There has been much media comment (again) over the nominations for the annual Mercury Prize for “the album of the year”. Despite much speculation, Kate’s 50 Words for Snow was not included amongst the nominations. This was a matter of comment by Anita Singh in the Daily Telegraph “Plan B is one of the few well-known names on this year’s Barclaycard Mercury Prize shortlist, with bookies’ favourite Kate Bush a surprise omission … But it is the absence of Kate Bush that proves most surprising after her latest album, 50 Words For Snow, received high praise from critics“.
Also in the Telegraph, Neil McCormick was unable to understand Kate’s omission: “Kate Bush has been overlooked, which may be the biggest injustice of all. Given a vague emphasis on “pushing music forward”, the Mercury Prize has long struggled with veteran artists, preferring to concentrate on debutants with newly minted sounds … Again, it is the baffling vagueness of the Mercury Prize’s criteria that infuriates. Bush’s 50 Words For Snow was a deeply strange and original album from a woman widely recognised as one of the greatest and most original popular recording artists of our times. Even if it isn’t Bush’s finest work (and, actually, I’d argue that it is up there), surely any committed album by a globally admired, bona‑fide genius has got to be of greater significance than, say, the debut of a thrashy jazz rock trio making small waves on the Leeds local improv scene?”
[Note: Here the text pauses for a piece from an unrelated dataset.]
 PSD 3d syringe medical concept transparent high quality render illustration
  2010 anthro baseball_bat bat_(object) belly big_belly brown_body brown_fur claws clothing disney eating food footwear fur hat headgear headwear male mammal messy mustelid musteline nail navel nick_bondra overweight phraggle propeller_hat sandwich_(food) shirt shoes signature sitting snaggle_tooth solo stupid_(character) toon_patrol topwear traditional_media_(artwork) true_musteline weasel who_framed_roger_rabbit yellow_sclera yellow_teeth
Andy Gill in the Independent had previously set out why he thought Kate should have been included: “It’s many a year since the Mercury went to an old-school legend, and none deserves it more than consistently the most innovative and experimental of British pop stars, and thus emblematic of the qualities supposedly rewarded by the Prize. This concept album pivots on the cusp of pop, jazz and classical, imbued with the swaddling warmth of a fur coat on snow-covered steppes“. Tim Chipping at Holy Moly wondered if Kate actually refused a nomination.
At Entertainment.ie John Balfe noted the absence of any Irish talent and added “This year’s list can be defined as much by what it’s missing as by what has been included. All of the albums nominated are worthy in their own right, but collectively the list is lacking a certain sense of adventure that could have been provided had the likes of Kate Bush…” Alexis Patrides in The Guardian also noted the Prize’s ongoing blind spot: “There’s no representation from what you might call rock’s more distinguished citizens: with Kate Bush unexpectedly absent from the list“.
Mercury Prize chairman Simon Firth, sociomusicologist, was quite satisfied. He told the Telegraph that this year’s list of nominees was the most open and diverse in the history of the award. “I suppose there was nothing that seemed to be an absolute must. The field became much more wide open”. Apparently not quite that wide.